Jack Jones led the discussion at this month’s meeting of the FAIR Institute’s Data Utilization Work Group, including fielding this question from a FAIR Institute member about data breaches. Jack is the Institute’s Chairman and the co-author of Measuring and Managing Information Risk: A FAIR Approach.
Question: How do you distinguish what’s a breach and what is not from audit trails and our other typical sources of data?
Jack Jones: That’s a really good question. To some degree, it depends on what you mean by "breach". For example, some people consider run-of-the-mill malware infections and DDoS outages to be breaches. Others reserve the word "breach" to describe compromises of confidential information.
For this discussion, let's think of "breach" in a relatively broad sense.
If we're talking about malware, for example, any malware event on an internal system (server, workstation, etc.) is a clear indication that a breach of the perimeter occurred. In FAIR terms, we had a loss event at the perimeter layer, which resulted in a threat event (or loss event) at the internal system layer – i.e., malware somehow got past whatever resistive controls we had on the perimeter, which enabled an attack on an internal system.
That's a fairly simple and straightforward example though, which only covers part of the "breach" problem space.
Another easy one is availability [events], which are easily recognized when a system goes down or is degraded in some fashion. The great thing about availability events is they are pretty obvious by the inherent nature of what they are. Of course, sometimes it can be challenging to determine whether an outage was due to malicious actions, human error, or simple technology failure. Logs can be valuable in answering that question.
For confidentiality breaches, it’s going to depend on what the logs are capturing as to how informative they'll be regarding whether a "breach" has occurred. Even then, typical access logs will rarely be able to definitively tell us that a breach has occurred. Usually, some amount of human (or machine-learning-based) analysis has to take place to establish any degree of intelligence about whether a breach actually took place.
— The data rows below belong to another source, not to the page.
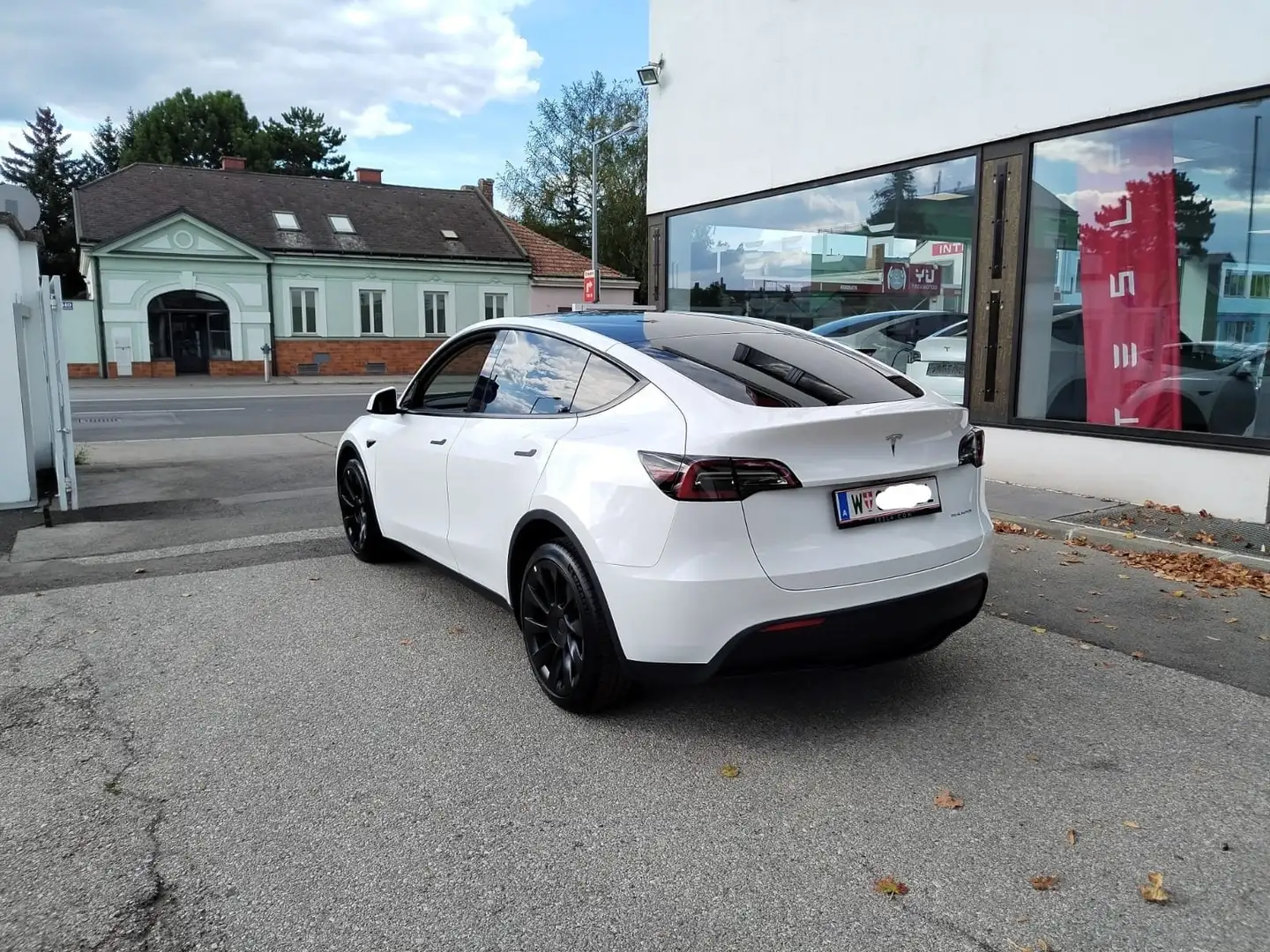 Tesla Model Y Long Range AWD 75kWh Белый - 1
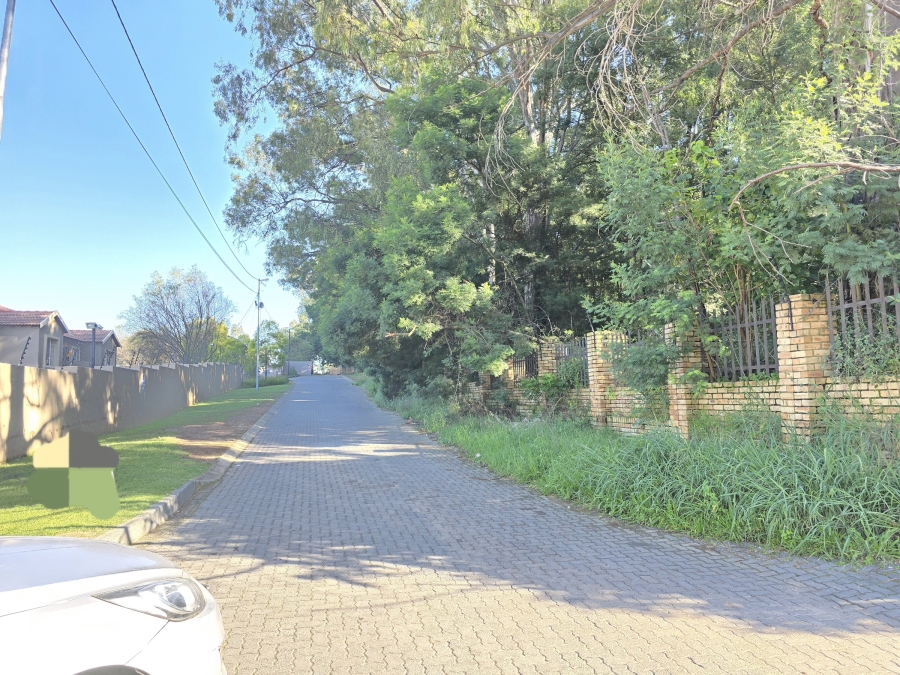 2 Bedroom Property for Sale in Wilgeheuwel Gauteng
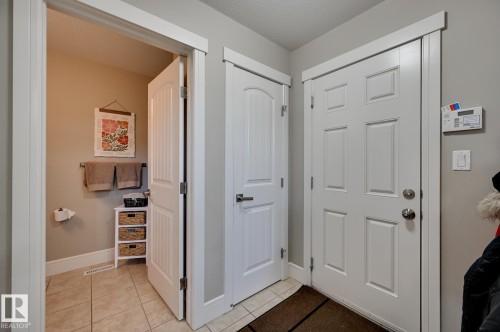 1564 36 Avenue, Edmonton, AB - Indoor Photo Showing Other Room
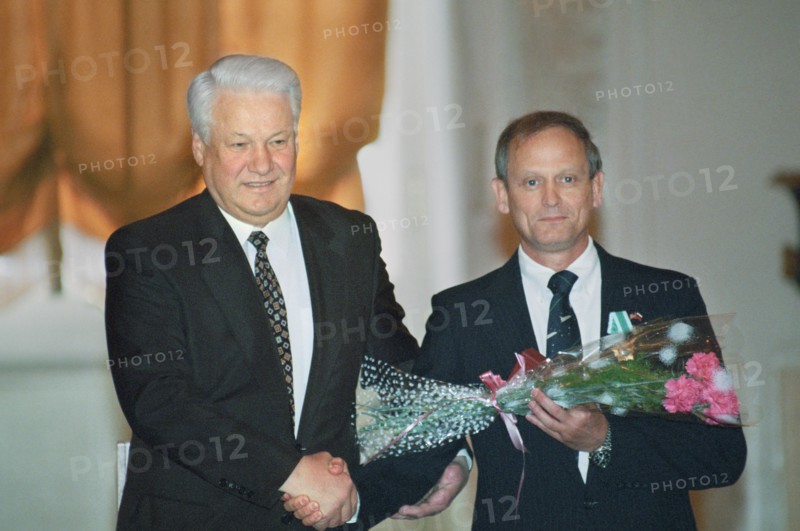 Russia, moscow, president of russia boris yeltsin presents nasa astronaut norman thagard with the order of friendship, april 12, 1996.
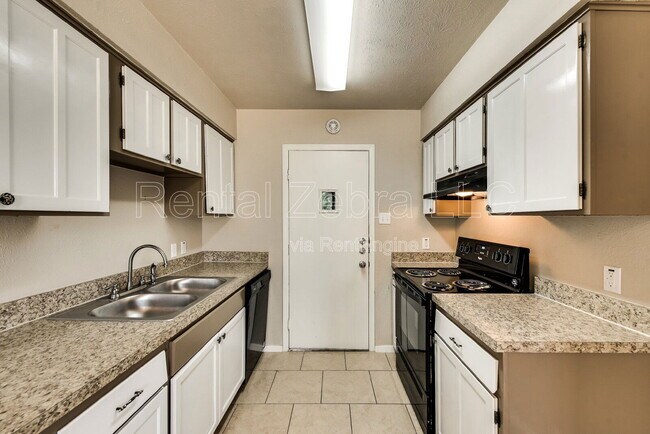 Photo - 7113 Edinburg Dr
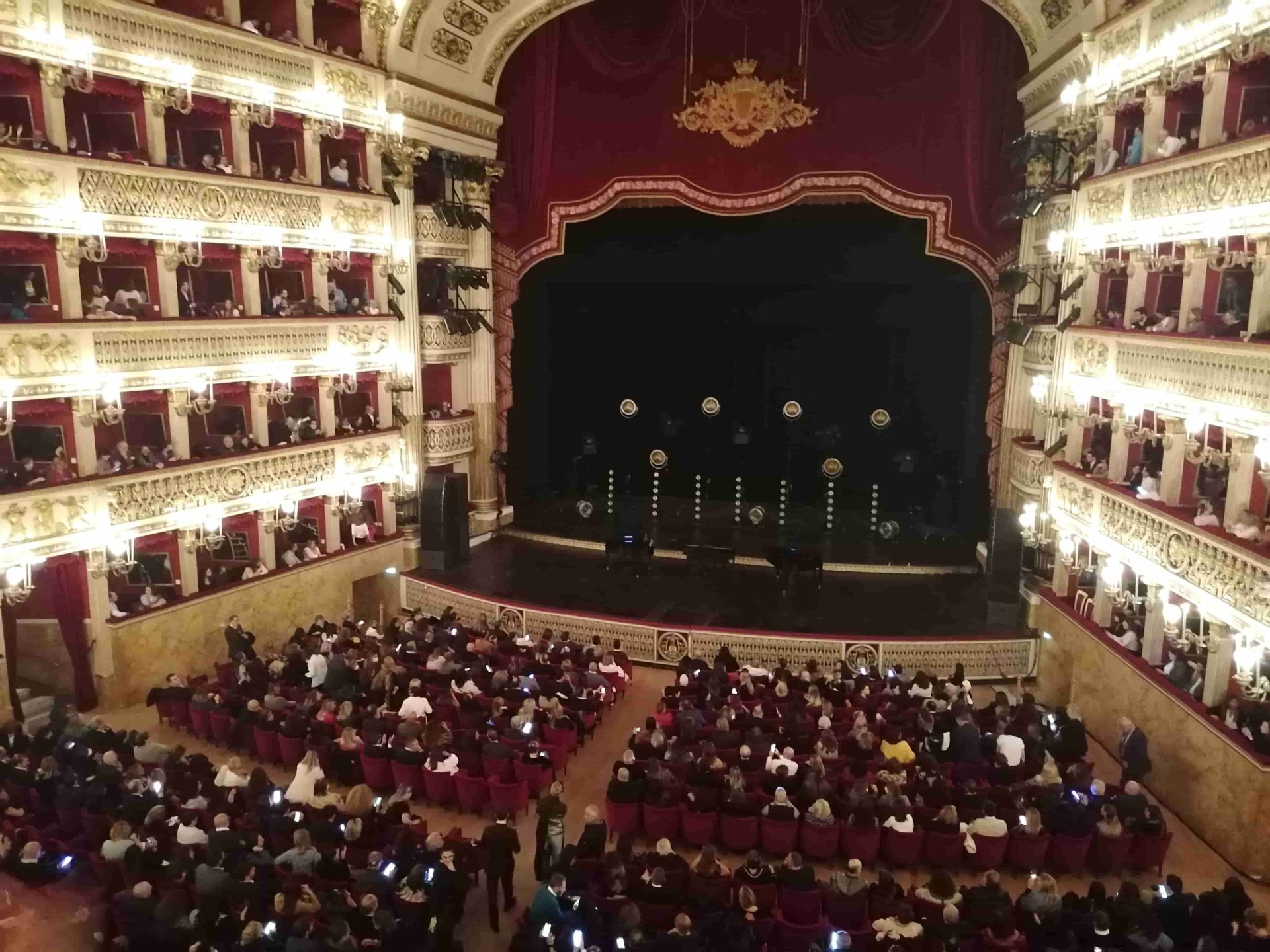 Al Teatro San Carlo continua l’Opera I Vespri siciliani di Giuseppe Verdi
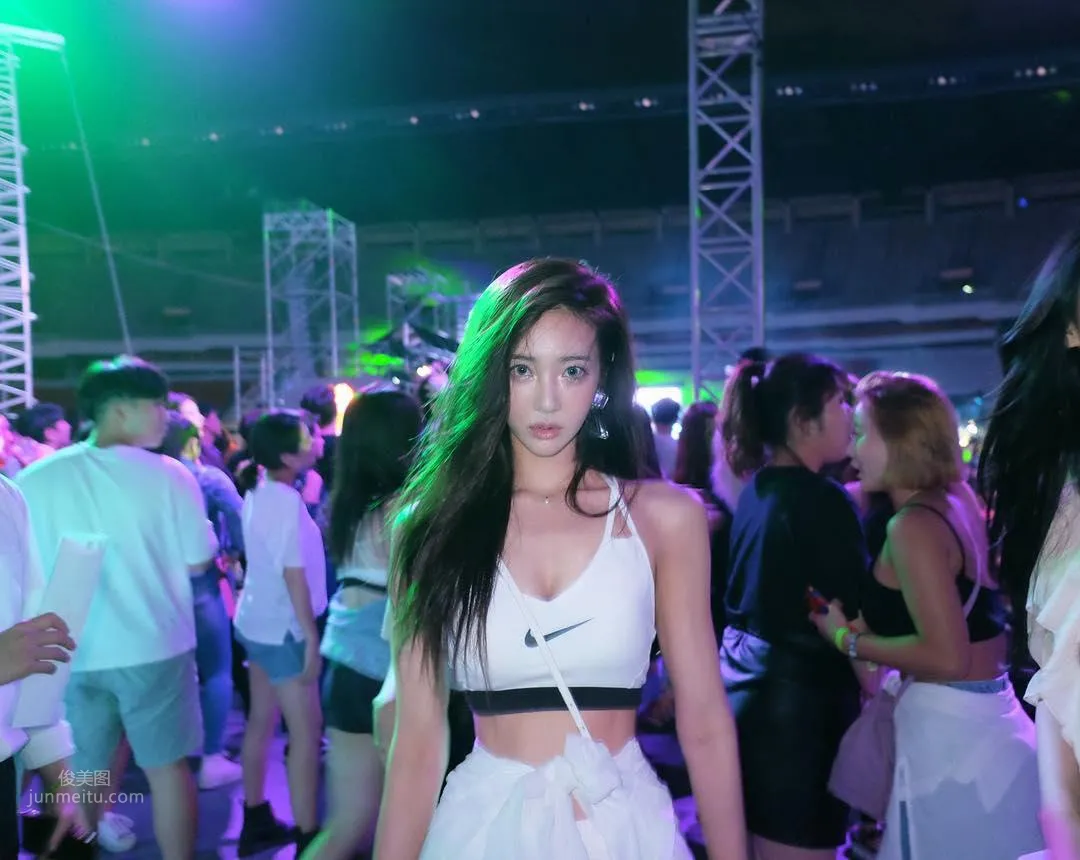 李妍和- 健美身材馬甲線 21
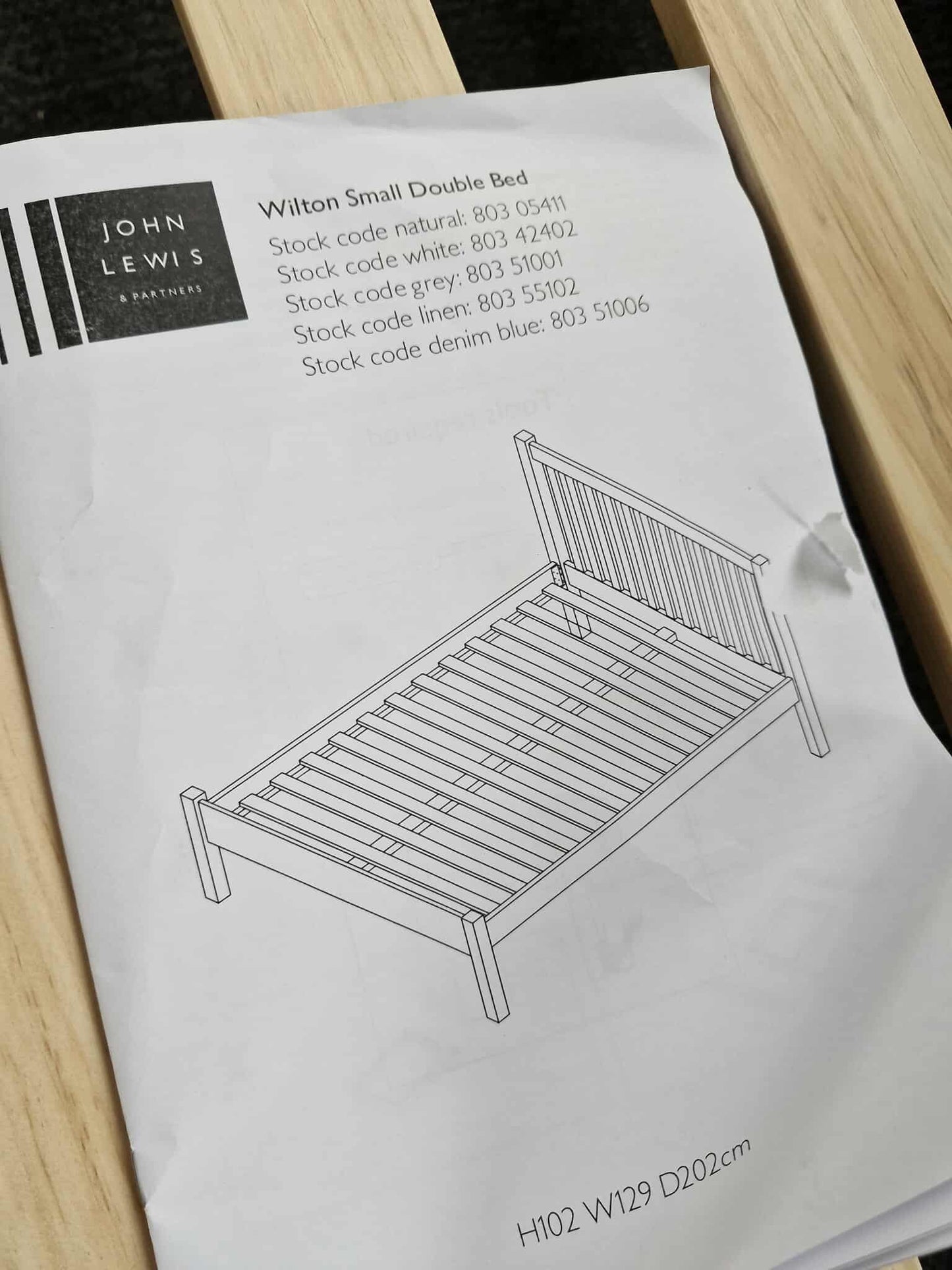 Solid Wood Spindle Small Double Bed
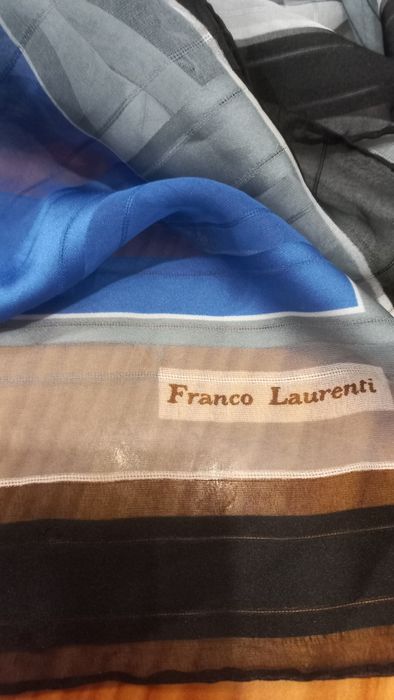 Lenço em tons azuis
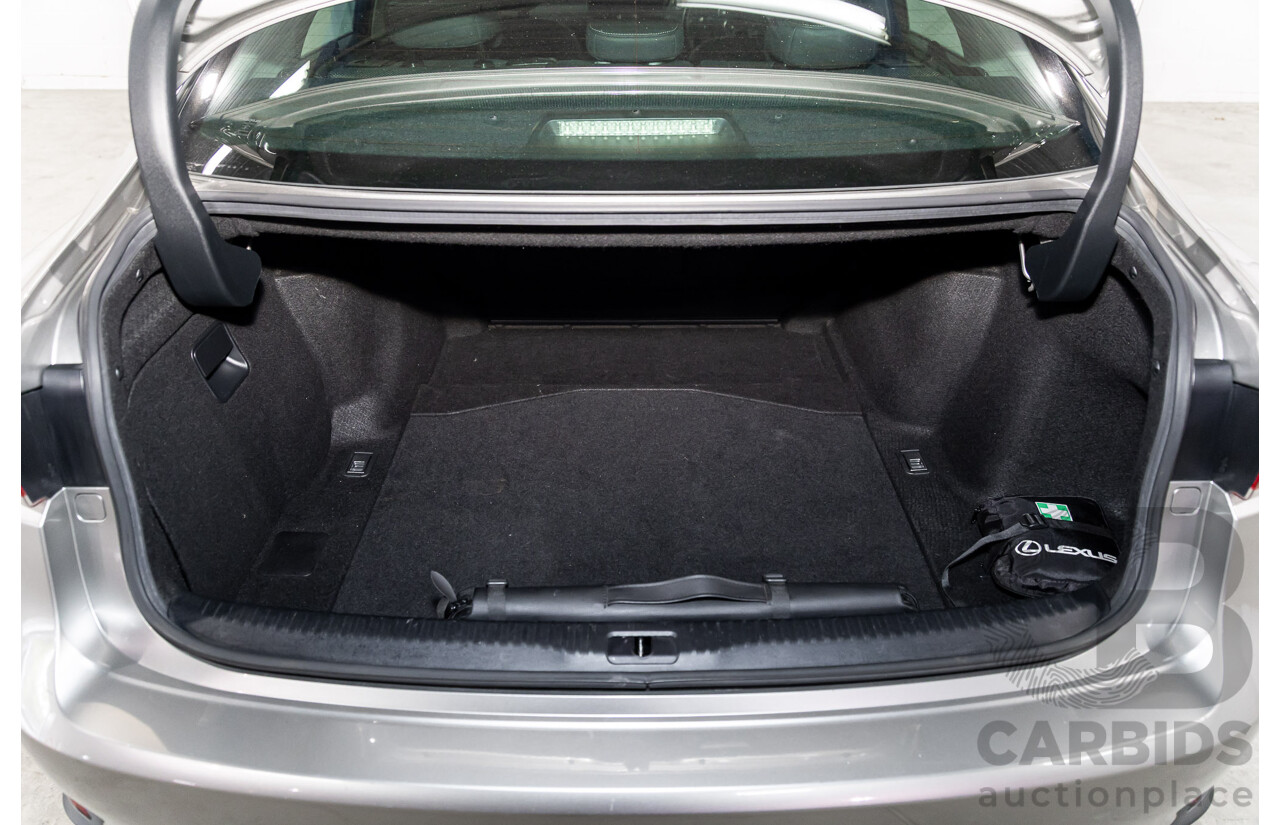 05/2019 Lexus IS300h Luxury Hybrid AVE30R (RWD) 4d Sedan Titanium Silver Metallic 2.5L - Hybrid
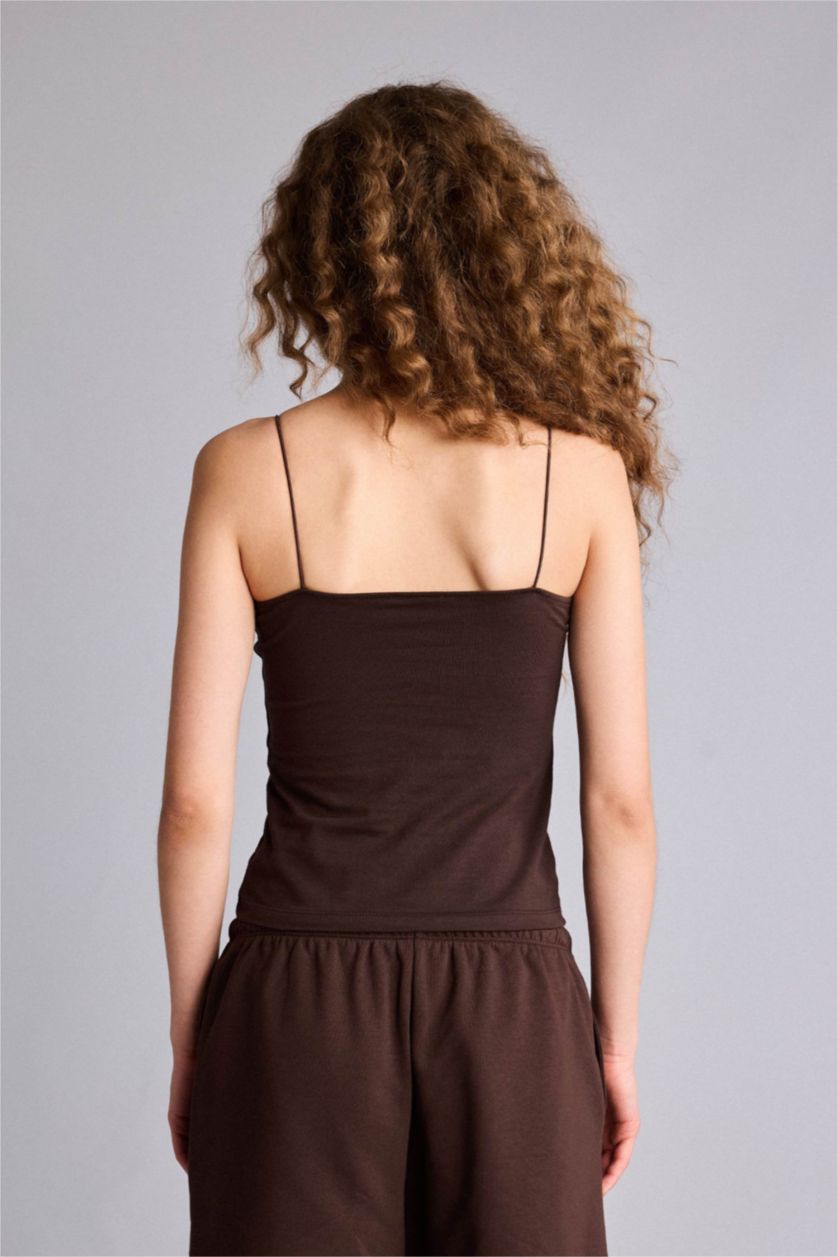 حريمي بني تانك توب سليم فيت بحمالات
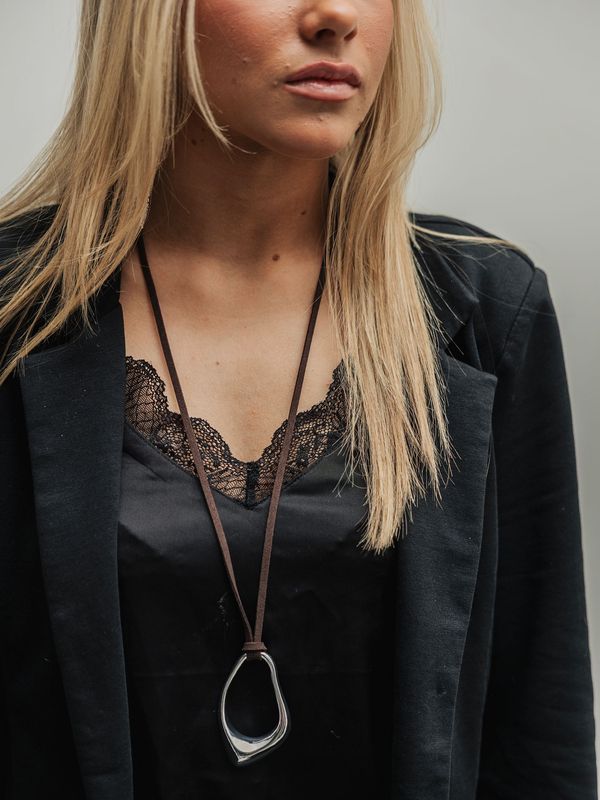 Bow19 Cia Long Necklace Gold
If, for example, normal access takes place between 8 AM and 5 PM, but the logs show that an access took place at 2 AM, that may be an indication that something is amiss and worth further investigation. Or maybe if the logs [show] that the normal volume of account access is between 5 and 20 customer records a day, but today 500 records were accessed, that might be indicative of something being amiss.
Another less obvious example might come from DLP technology that scours your internal network for where sensitive data exists. Maybe the baseline it’s operating from says, hey, this server or workstation doesn’t normally have sensitive information, but now it's finding a bunch of sensitive information on one or more of those systems. That could, of course, simply represent a change in business usage practices, or a legitimate temporary condition, but it could also be a clue that a breach has occurred.
The bottom line is that some of our telemetry will be pretty definitive regarding "breaches" (e.g., anti-malware technology), while others will simply be indicative or suggestive in nature, which should prompt further investigation.